Several studies have explored the association of platelets with postoperative outcomes after cardiac surgery. Ranucci [19] conducted PLATFORM study, which was a prospective cohort study, involving 490 cardiac surgery patients who underwent extracorporeal circulation, and found that platelet function was significantly associated with the risk of massive hemorrhage after cardiac surgery. Some studies have also found that abnormal platelet function is associated with poor prognosis in patients after cardiac surgery [20]. In addition, when fibrinogen or platelets are transfused into patients with progressive hemorrhage after cardiac surgery, they can significantly improve the functions of blood coagulation and platelets, thereby reducing the amount of blood loss [21]. A meta-analysis of 1720 patients who underwent coronary bypass surgery found that postoperative platelet transfusion was associated with poor prognosis, but platelet transfusion might be a surrogate marker of sicker patients to some extent, rather than the direct cause of adverse factors [22].

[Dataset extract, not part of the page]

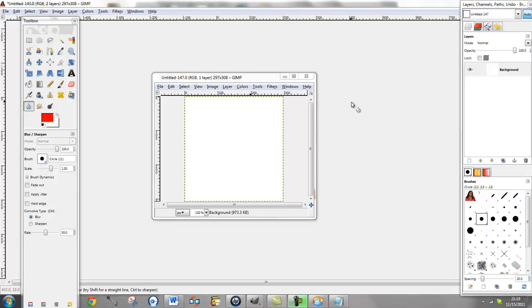Hi, this is Holly, the Techie Mom Suso for WordPress Academy, and today I'm going to be demonstrating for you how to use GIMP, which is a software for editing images.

Several previous studies have explored the relationship between platelets and prognosis in patients who underwent aortic dissection. Chen et al. [23] found that in patients with acute type A aortic dissection, platelet count, lymphocyte to neutrophil ratio and lymphocyte to monocyte ratio may predict postoperative death of patients. Although the multifactor prediction model was not of statistical significance, he believed that the combined use of the three in multifactor analysis was necessary. While Liu et al. [24] in a retrospective study, found WBC, neutrophil and platelet counts might the better predictors of in hospital mortality than platelet to lymphocyte ratio and neutrophil to lymphocyte ratio. Sbarouni et al. [25] observed 120 consecutive patients with ATAAD, and found that the ratio of platelets to lymphocytes was associated with mortality, and the best critical value was 159, which showed a sensitivity of 53% and a specificity of 86%. These two studies suggest that platelet counts may be associated with prognosis, but not be an independent risk factor. For one thing, the study revealed a possible relationship between postoperative platelet levels and mortality at 3 years in patients with ATAAD. In addition, unlike most studies, where the platelet count admitted to hospital is a patient's baseline value, the postoperative platelet count in our study is the result of treatment by the anesthesiologist and surgeon. Further study of this project could give us a postoperative target value to guide perioperative platelets transfusion in patients with ATAAD.

There are some limitations in present study. Platelet counts instead of platelet function tests were used. There are several methods to measure platelet function, such as light transmission platelet aggregation, lumiaggregometry and impedance platelet aggregation [26,27,28]. Currently, there is no widely used laboratory test method to measure platelet function [29]. The platelet count used in this study is more widely used in clinical practice, making the results of the study more generally applicable. On the other hand, the research was a retrospective study. Prospective studies are needed to verify the findings.

Conclusions

This study indicated that decreased postoperative platelet count may lead to increased 3-year mortality, in patients with ATAAD who undergo open aortic repair surgery. It is necessary to infuse ATAAD patients with platelets in this type of surgery to maintain a high platelet count.